Apple v. Motorola – An End to the Smart Phone Wars or the Harbinger of New Standards for Proving Damages and Injunctions?

Judge Posner’s ruling in Apple v. Motorola last week may have brought an end to the patent war between the parties, but may be a harbinger for tougher standards for proving patent damages and injunctions. Apple and Motorola have accused each other of infringing patents directed to cell phone technology. Following a Daubert hearing, Judge Posner excluded the parties’ damages experts as unreliable. Because the parties cannot prove their respective damages without admissible expert opinion, the Court dismissed the case with prejudice.

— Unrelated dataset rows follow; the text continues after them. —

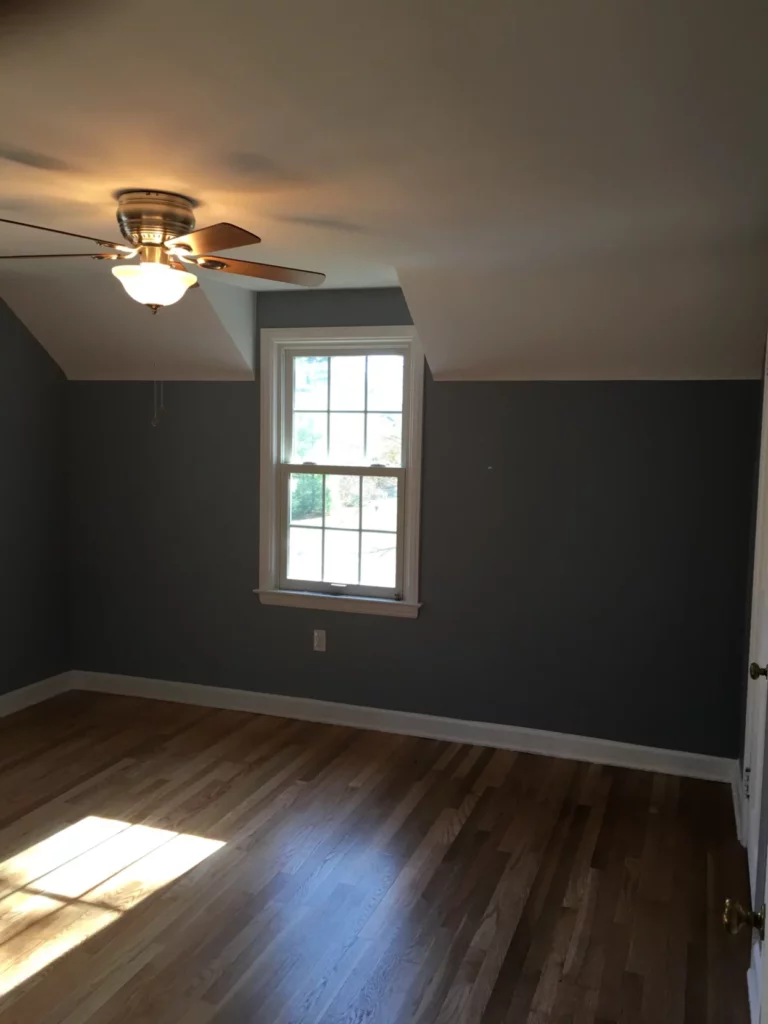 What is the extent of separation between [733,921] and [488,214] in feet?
6.83

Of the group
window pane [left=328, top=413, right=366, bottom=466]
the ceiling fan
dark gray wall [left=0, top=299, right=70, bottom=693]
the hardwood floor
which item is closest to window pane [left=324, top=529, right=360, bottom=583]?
window pane [left=328, top=413, right=366, bottom=466]

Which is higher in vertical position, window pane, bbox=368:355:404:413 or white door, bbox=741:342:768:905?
window pane, bbox=368:355:404:413

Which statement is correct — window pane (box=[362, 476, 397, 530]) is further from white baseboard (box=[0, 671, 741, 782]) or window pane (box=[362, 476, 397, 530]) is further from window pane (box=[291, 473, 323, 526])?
white baseboard (box=[0, 671, 741, 782])

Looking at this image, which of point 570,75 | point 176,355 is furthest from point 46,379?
point 570,75

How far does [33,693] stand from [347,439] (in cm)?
232

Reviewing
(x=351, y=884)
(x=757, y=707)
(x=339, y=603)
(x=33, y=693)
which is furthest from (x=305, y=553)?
(x=757, y=707)

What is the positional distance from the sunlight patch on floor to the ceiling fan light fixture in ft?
6.47

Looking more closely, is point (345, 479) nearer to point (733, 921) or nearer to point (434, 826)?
point (434, 826)

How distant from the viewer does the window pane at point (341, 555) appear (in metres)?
4.54

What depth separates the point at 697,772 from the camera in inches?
154

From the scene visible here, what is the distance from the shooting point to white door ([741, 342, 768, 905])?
8.54 ft

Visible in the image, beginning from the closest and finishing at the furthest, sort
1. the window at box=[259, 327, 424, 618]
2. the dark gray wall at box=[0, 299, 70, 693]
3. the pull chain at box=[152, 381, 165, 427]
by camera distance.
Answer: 1. the window at box=[259, 327, 424, 618]
2. the dark gray wall at box=[0, 299, 70, 693]
3. the pull chain at box=[152, 381, 165, 427]

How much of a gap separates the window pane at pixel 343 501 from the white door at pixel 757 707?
2053mm

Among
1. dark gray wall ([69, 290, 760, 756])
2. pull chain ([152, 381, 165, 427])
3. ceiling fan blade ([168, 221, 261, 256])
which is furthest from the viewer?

Judge Posner’s opinion summarized the parties’ deficiencies in their respective claims for damages and injunctions. Of particular note is the issue of Motorola’s request for an injunction against Apple for refusing to pay a royalty under FRAND’s (Fair Reasonable and Non-Discriminatory) terms. The Judge noted that by agreeing to license its patents under the FRAND terms, Motorola had implicitly agreed that a royalty is adequate compensation to license the patented technology. Motorola cannot now seek to enjoin Apple from using technology that it states is a standard essential patent. To do so otherwise would amount to a form of patent hold up because Apple is locked into practicing the invention.

As to Motorola’s damages, Judge Posner dismissed its expert’s opinion as overreaching, characterizing it as “going for broke.” In other words, the Judge considered Motorola’s high damage estimate unsubstantiated in comparison to the actual representation of the patent in Motorola’s licensing portfolio.

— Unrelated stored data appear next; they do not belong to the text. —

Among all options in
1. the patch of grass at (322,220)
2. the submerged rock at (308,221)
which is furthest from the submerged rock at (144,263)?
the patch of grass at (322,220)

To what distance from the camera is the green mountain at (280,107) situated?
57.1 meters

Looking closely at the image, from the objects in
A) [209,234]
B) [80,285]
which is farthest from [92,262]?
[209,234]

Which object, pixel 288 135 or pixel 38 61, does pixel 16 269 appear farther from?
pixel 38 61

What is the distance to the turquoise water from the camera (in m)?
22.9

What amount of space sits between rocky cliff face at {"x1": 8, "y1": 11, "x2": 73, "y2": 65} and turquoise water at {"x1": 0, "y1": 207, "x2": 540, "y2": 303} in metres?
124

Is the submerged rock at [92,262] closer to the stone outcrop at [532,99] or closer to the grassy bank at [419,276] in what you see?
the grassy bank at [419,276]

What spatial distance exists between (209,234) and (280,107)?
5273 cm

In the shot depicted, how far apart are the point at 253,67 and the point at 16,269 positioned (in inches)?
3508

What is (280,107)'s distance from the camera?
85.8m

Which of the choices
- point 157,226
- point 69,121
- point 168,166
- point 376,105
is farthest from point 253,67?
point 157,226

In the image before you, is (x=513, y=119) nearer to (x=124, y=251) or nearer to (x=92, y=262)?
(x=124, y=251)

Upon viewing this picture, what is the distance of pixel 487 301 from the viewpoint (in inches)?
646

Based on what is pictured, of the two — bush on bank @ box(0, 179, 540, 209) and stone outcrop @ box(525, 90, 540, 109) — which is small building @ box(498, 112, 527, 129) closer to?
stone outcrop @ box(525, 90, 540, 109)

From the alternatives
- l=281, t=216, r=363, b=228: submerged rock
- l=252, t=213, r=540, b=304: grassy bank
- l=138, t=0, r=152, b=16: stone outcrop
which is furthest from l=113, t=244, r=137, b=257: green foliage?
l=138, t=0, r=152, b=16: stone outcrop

The Court was likewise unmoved by Apple’s damages case. According to Judge Posner, Apple’s expert failed to show that a reasonable commercial design-around option was available to Motorola to support its damages claim, thus imparting a “reasonableness” aspect to the damages inquiry. Apple argued that even if it could not prove actual damages, it should be entitled to reasonable royalties. This argument did not persuade the Court which stated, “the statute 35 U.S.C. § 284 requires the award of a reasonable royalty, but to argue that this requirement exists even in the absence of any evidence from which a court may derive a reasonable royalty goes beyond the possible meaning of the statute.”

In sum, the Court’s decision left two of the world’s largest technology companies at a litigation stalemate for now. Until we hear from the Federal Circuit, patent litigants should pay heed to this decision in preparing proofs for damages and injunctions.